Sean McLaughlin: I grew up in the outskirts of Phoenix, Arizona and the end of my street literally just dumped into the desert. So all the kids in my neighborhood had dirt bikes. When I was 10 or 11 I had a Yamaha YZ80. When I was 21 I rode a 1978 Honda CV400 and now I ride a Zero DSR (Zero's amped up dual sport offering). I love the way it fits me.
EH: What was your first moto-industry job and how did you get it?
SM: Product marketing manager for Zero. I have been an enthusiast my whole life, but on the sidelines, just watching Zero grow. After leaving bicycles and moving to Santa Cruz, Zero was right in my backyard. I was visiting the website just to see what was new and I clicked on the employment link. I didn't know anybody, I just applied cold. I had some friends in common with people who worked at Zero but I came in through the front door.
EH: Take us through an average day at work.
SM: My position is brand new for the company and it's really evolving. From a high-level perspective my job is to work among all the engineering teams, mechanical, electrical, powertrain and prototype and testing. I work with all those teams to make sure the plan gets us from concept to product. It's like herding cats.

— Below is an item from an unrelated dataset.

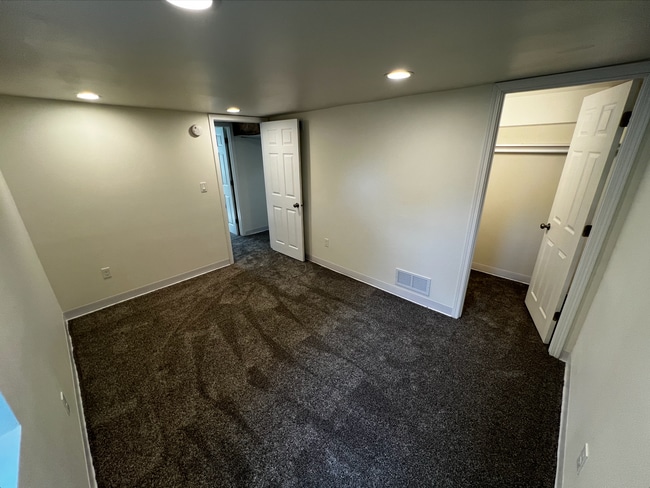 Building Photo - 1105M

In any given day I'm chasing down the development process of individual components. One of the benefits of me being so stubborn is that I'm pretty focused at getting over and around obstacles. My unofficial title around here is Director of Getting Shit Done. It's something I take joy in. We are a small business that operates at a fast pace and we need to keep moving. It's got to be right and it has to happen yesterday.
EH: What is the most tedious thing about your current job?

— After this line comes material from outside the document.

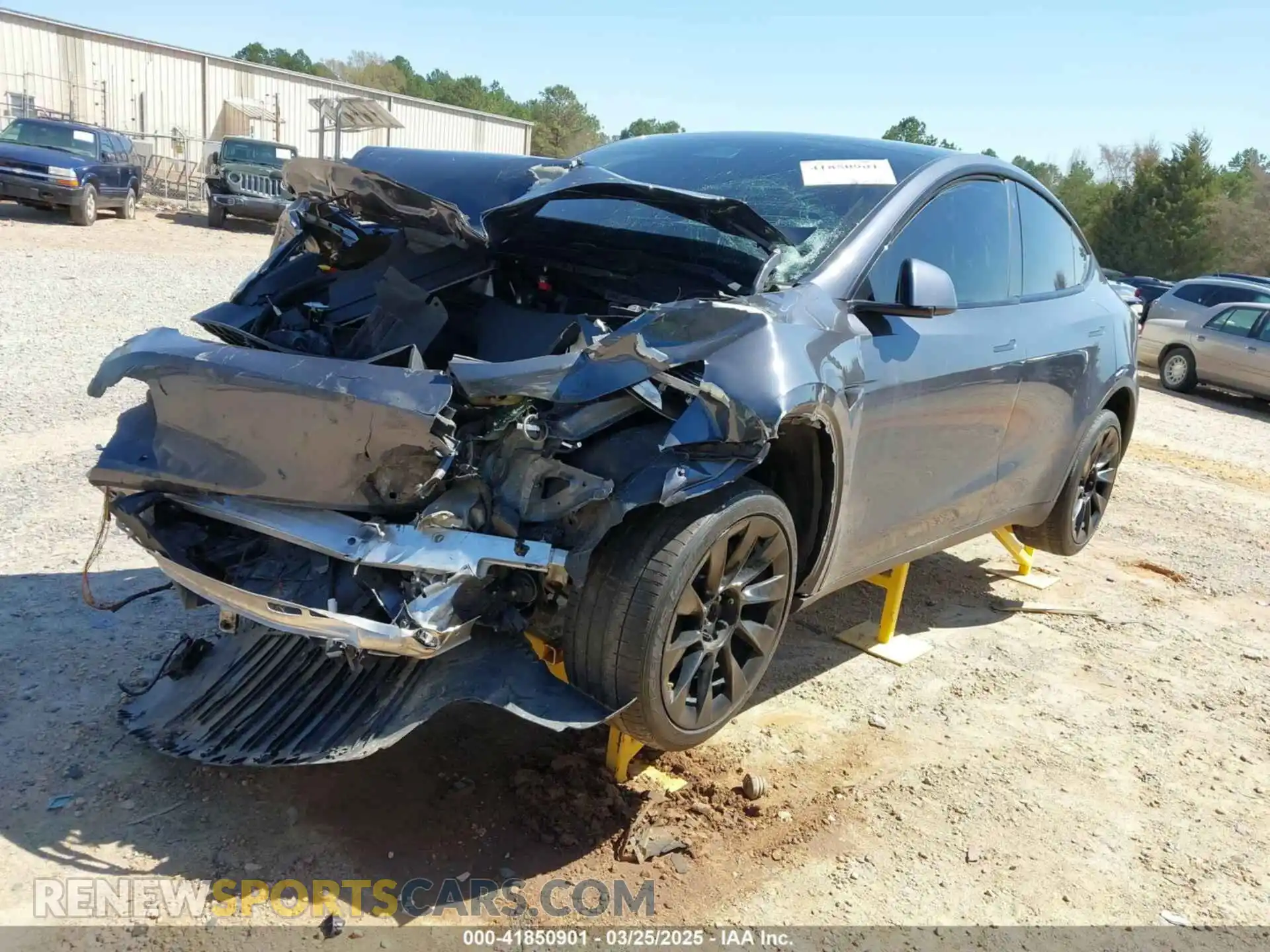 2 Photograph of a damaged car 7SAYGDEE0NF387512 TESLA MODEL Y 2022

SM: We have a homegrown web-based project management system. It's like looking at a big color-coded spreadsheet, for hundreds and hundreds of parts across dozens and dozens of activities. And it's a little bit like the movie The Matrix when you see the numbers dribbling down the screen. Understanding this system is like trying to interpret the Matrix.
EH: How does tech affect the future of your job?
SM: We are in a space where the technology is evolving rapidly and I need to be really well informed about where the technology is going. My role is a critical part of the overall product development team so we always need to be looking 18, 36, 72 months out to know what is happening with battery technology. We have a product strategy team here that looks down the road and reports back, either with trends they are seeing or what their intuition or instinct tells them.
EH: What motorcycle trend makes your blood boil?
SM: I hate it when people ride like jackasses. I acknowledge that riding a motorcycle is inherently dangerous. And when people go out and take needless risks around themselves and in congested traffic. It just sets a bad example.
EH: What is the one project you've always wanted to tackle professionally but have never been able to do?
SM: One of the unique benefits of an electric powertrain is that it delivers virtually all its available torque at the first rpm, so it's not like a conventional gasoline engine. I would love to build a bike that goes from zero to 60 or zero to 100 in a freakishly fast time. Zero to 60 in two seconds is within the realm of possibility. That kind of time is not limited to the battery or motor. It's limited by traction. It's limited by wheelies. How do you get the weight low and forward enough and how do you get enough traction at the rear wheel so you don't burn out or wheelie over? I'd like to see that happen.
EH: If you weren't working in the automotive industry, what would you be doing?
SM: One of my other passions is music. I've always been fascinated by sound design or sound engineering for punk rock. I'd want to go on tour with Fugazi.